* Information shown:
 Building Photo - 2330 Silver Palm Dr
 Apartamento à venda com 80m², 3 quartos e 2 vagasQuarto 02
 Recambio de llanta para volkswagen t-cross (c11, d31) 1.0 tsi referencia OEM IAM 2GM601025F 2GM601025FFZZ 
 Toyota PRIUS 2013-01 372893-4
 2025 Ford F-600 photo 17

* * *

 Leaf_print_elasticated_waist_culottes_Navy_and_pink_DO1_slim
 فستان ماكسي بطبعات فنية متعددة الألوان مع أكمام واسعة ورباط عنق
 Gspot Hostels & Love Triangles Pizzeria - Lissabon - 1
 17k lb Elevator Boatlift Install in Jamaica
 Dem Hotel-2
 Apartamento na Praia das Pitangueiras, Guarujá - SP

---

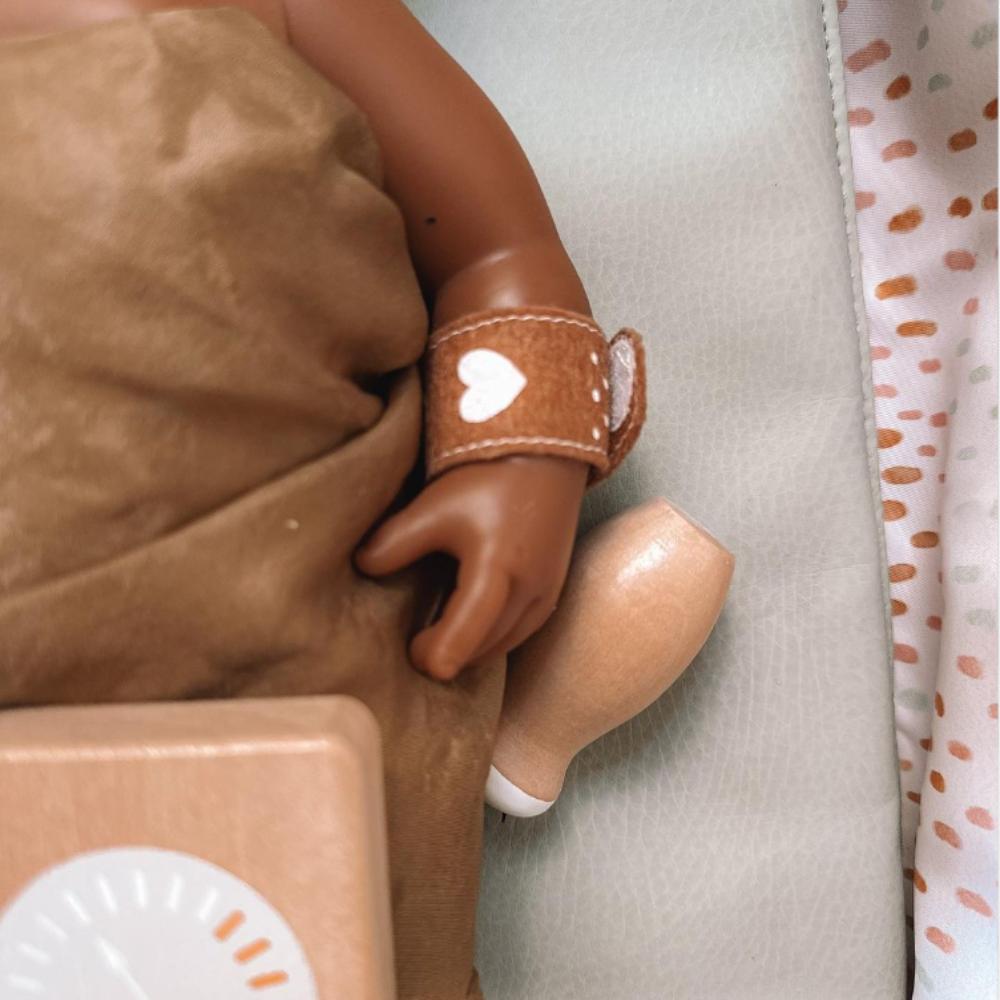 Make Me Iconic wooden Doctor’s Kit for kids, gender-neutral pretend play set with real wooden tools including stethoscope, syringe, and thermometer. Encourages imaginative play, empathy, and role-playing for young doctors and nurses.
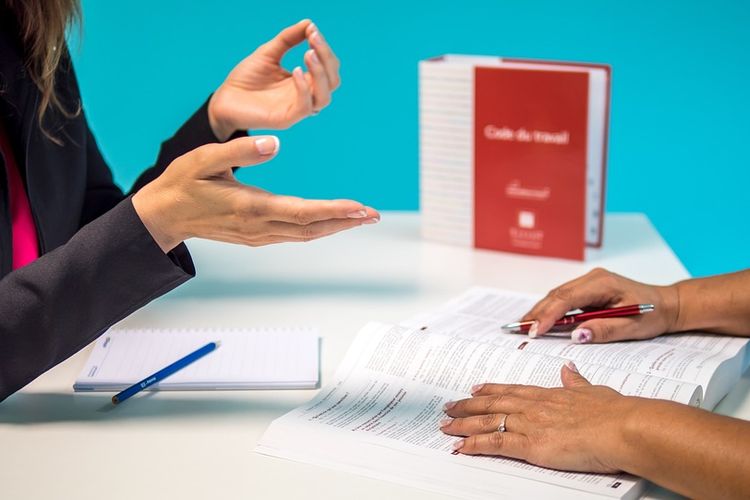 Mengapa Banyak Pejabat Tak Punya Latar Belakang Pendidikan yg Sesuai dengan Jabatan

* The task: Please give back, exactly as it stands above, the stretch from the line with "فستان ماكسي بطبعات" through the line with "Apartamento na Praia", and no line outside it.

* Answer:
 فستان ماكسي بطبعات فنية متعددة الألوان مع أكمام واسعة ورباط عنق
 Gspot Hostels & Love Triangles Pizzeria - Lissabon - 1
 17k lb Elevator Boatlift Install in Jamaica
 Dem Hotel-2
 Apartamento na Praia das Pitangueiras, Guarujá - SP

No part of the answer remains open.